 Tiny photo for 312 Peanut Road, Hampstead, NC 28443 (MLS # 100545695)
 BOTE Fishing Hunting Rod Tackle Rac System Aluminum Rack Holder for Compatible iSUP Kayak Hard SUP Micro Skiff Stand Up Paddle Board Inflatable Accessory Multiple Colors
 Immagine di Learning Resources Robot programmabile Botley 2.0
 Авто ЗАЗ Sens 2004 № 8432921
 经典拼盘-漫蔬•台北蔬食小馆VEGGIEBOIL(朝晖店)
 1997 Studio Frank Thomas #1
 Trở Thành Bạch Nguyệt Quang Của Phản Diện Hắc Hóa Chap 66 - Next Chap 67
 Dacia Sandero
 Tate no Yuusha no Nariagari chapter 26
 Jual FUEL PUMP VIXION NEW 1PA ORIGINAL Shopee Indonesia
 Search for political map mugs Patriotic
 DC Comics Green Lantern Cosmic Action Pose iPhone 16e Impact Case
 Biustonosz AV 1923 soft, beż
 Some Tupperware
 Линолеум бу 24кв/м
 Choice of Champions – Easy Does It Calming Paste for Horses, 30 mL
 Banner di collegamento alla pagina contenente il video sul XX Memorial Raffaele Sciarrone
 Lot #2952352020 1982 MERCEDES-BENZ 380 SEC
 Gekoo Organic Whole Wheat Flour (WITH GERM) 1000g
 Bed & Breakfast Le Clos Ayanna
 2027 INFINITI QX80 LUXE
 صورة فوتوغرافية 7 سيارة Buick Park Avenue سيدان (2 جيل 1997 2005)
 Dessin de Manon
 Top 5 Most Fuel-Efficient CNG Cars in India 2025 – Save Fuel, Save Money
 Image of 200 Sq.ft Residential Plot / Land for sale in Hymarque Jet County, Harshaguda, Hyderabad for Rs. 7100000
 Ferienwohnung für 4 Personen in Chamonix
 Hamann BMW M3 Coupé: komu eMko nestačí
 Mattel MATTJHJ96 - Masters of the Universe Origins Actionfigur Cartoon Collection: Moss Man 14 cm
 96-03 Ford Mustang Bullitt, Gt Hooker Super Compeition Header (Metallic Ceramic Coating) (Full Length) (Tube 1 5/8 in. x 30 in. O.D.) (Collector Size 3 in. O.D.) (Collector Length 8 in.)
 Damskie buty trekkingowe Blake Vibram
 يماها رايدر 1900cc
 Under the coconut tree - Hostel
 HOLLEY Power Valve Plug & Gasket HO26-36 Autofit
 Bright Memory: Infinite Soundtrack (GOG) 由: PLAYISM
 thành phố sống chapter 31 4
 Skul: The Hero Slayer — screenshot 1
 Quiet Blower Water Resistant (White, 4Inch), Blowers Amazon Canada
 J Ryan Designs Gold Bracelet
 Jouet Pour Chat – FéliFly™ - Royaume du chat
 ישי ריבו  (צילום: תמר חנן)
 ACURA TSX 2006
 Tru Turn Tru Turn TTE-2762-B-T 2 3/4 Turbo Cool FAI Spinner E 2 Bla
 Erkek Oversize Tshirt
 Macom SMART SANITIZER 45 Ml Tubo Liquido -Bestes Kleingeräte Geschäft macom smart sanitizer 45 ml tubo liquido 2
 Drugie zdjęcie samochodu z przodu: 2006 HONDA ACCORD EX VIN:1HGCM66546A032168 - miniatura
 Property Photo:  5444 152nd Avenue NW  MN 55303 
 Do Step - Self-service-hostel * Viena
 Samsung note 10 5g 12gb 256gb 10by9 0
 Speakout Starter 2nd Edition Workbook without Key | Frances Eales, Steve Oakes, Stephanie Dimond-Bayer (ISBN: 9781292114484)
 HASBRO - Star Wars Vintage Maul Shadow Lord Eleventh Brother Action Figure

_ _ _ _ _

• Work instructions:
List all lines from the entries that include the word "Avenue".

• Exercise output:
 صورة فوتوغرافية 7 سيارة Buick Park Avenue سيدان (2 جيل 1997 2005)
 Property Photo:  5444 152nd Avenue NW  MN 55303 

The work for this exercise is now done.